Serem v National Bank of Kenya [2024] KEHC 11304 (KLR)
Full Case Text
Serem v National Bank of Kenya (Petition E005 of 2022) [2024] KEHC 11304 (KLR) (23 September 2024) (Ruling)
Neutral citation: [2024] KEHC 11304 (KLR)
Republic of Kenya
In the High Court at Bomet
Petition E005 of 2022
RL Korir, J
September 23, 2024
IN THE MATTER OF THE ALLEGED VIOLATION AND INFRINGEMENT OF THE RIGHTS AND FREEDOMS IN ARTICLE 2(1), 4, 10 (1) (C), 2(b), 21 (1) and (3), 22 (1), 48, 165, 258, 259 and 260 of the CONSTITUTION OF KENYA 2010 AND IN THE MATTER OF SECTION 44A OF THE BANKING ACT AND IN THE MATTER OF THE APPLICATION FOR CEASATION OF INTEREST RATES ON NON-PERFOMING LOANS UNDER THE IN DUPLUM RULE BY THE NATIONAL BANK OF KENYA LTD
Between
Richard Kiplangat Serem
Petitioner
and
National Bank of Kenya
Respondent
Ruling
Background 1. This matter has been in court since the year 1996 where litigation began in the High Court at Nakuru before finding its way to this court.
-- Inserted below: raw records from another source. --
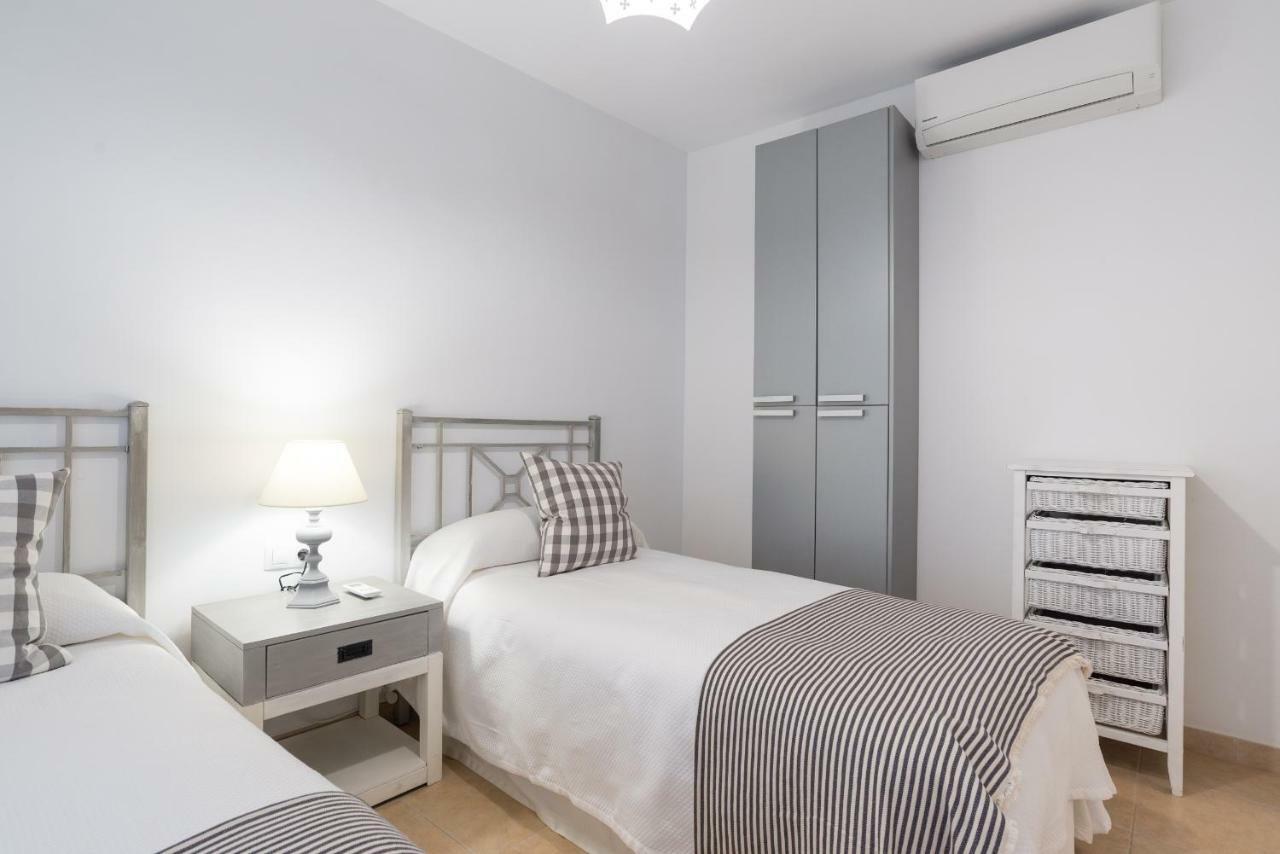 Apartamento Con Encanto En Primera Linea De Playa مالقة المظهر الخارجي الصورة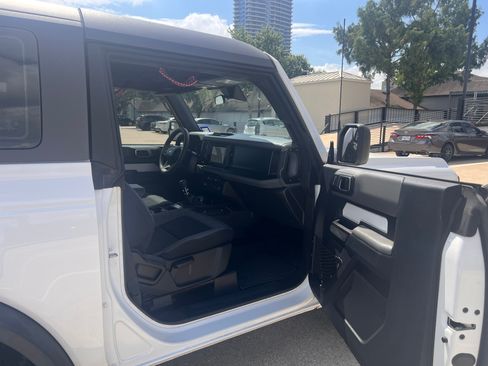 Used 2021 Ford Bronco 2-Door AWD/4WD image 6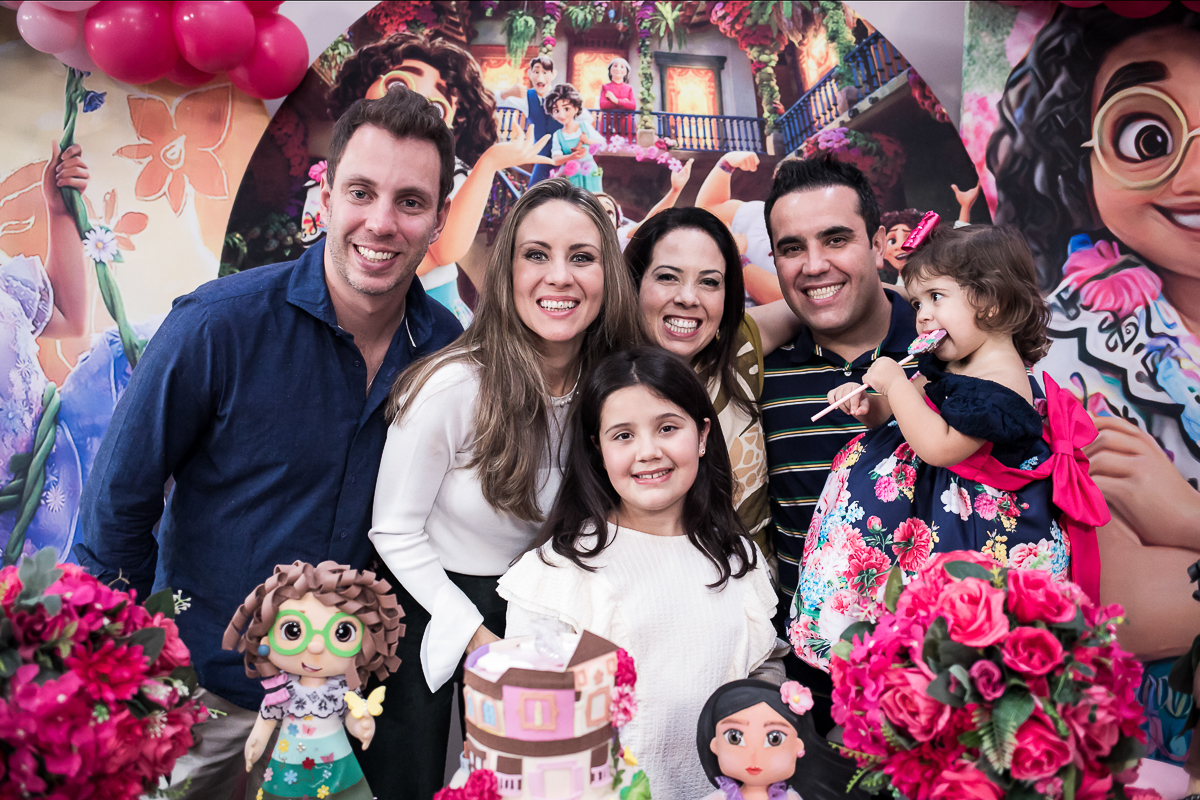 Família Feliz - Tema Encanto Disney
There have been several Applications which have made this matter drag endlessly in court for over 28 years.
2. The Respondent advanced the Petitioner a loan for Kshs 400,000/= sometime in the year 1992. The Petitioner stated that he had been unable to pay the loan in full due to the interest rates charged by the Respondent which made the loan untenable. That the interest charged on the loan were more than the principal amount. He invoked the provisions of section 44A of the Banking Act.
3. Before this court determined the present Petition dated 15th December 2022, the Respondent filed a Notice of Preliminary Objection dated 18th April 2023. I shall set out the Petition and the Preliminary Objection in the succeeding paragraphs.
The Petition 4. The Petitioner contended that the Respondent had violated the Article 43 (1) (e), 46 (1) of the Constitution of Kenya and section 44A (1) and (2) of the Banking Act by charging interest, fees and penalties which increased his debt to more than double the principal sum.
5. The Petitioner filed a Petition dated 15th December 2022 where he sought the following prayers:-i.A declaration that by imposing interest amounts and penalties that exceed the principal amount, the Respondent was in contravention of Article 43 (1) (e), 46 (1) of the Constitution of Kenya and section 44A (1) and (2) of the Banking Act.ii.An order to restrain the Respondent from charging interest rates on non-performing loans under the in duplum rule to conform with section 44A (1) and (2) of the Banking Act.
The Petitioner’s case 6. Through his supporting affidavit dated and sworn on 15th December 2022, the Petitioner stated that he borrowed Kshs 400,000/= from the Respondent on 16th January 1992. That due to the exorbitant interest rates charged by the Respondent, the loan became difficult to clear and by 31st October 1995, the loan had ballooned to Kshs 1,453,025/=.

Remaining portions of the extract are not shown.